Rejection of ecumenism: It has come to my attention only today that a Presbyterian elder from Rev Ken Newell's church has apparently converted to Romanism. Where must part of the blame lie in this case? With his own minister, for Rev Newell has been long known as an ecumenist, and the journey from what he has been teaching to the errors of Rome has likely been a short one for his elder. Yet is this conversion likely to bar that same elder from participating in Presbyterian services? Probably not, for such practices are common in the Presbyterian Church, as they are in the Methodist and the Church of Ireland. The Free Presbyterian Church desires no union with Rome, but rejects it as the system of anti-christ (a fact some Free Presbyterian politicians would do well to remember when attending functions during the course of their duties!)

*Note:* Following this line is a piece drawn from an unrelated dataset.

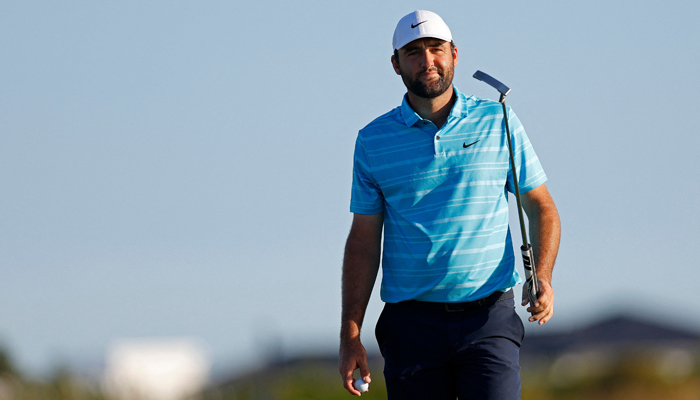 Scottie Scheffler of the US lines up a putt on the 18th hole during the final round of the Hero World Challenge at Albany Golf Course on December 03, 2023 in Nassau. — AFP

Maintaining of Biblical standards: How many churches consider it a necessity for women to have their head covered? Yet it is clearly taught in Scripture. How many take any consideration of which version of the bible is used. How many will reject the modern styles of Christian music and seek a biblical form of worship, free from the influences of the world. How many believe that we ought to dress appropriately when we come to the house of the Lord. In all of questions the answer is very few. Whilst our standards have clearly slipped from those of past generations
(especially when we are out of the sight of our own minister at some other meeting), they are still to be seen to a greater extent than in most churches. Let us maintain, and reclaim those biblical standards.

Evangelical zeal: The Free Presbyterian Church has always laid great emphasis on the need for evangelism. Whilst many denominations have replaced the preaching of God’s word with drama and entertainment and sacrificed evangelism for social action we believe in the need to reach men and women with the good news of the gospel. It is the foolishness of preaching which saves sinners and we preach Christ crucified. To have a zeal for evangelising the lost is essential for any Free Presbyterian.

Why are you a Free Presbyterian? It ought to be because you share that desire of our forefathers to stand outside the camp of apostasy and to faithfully proclaim the gospel. May these characteristics always be true of our denomination, and where we have fallen away from what we once professed, may we repent and return to the bible. 'Stand fast therefore in the liberty wherewith Christ hath made us free, and be not entangled again with the yoke of bondage'.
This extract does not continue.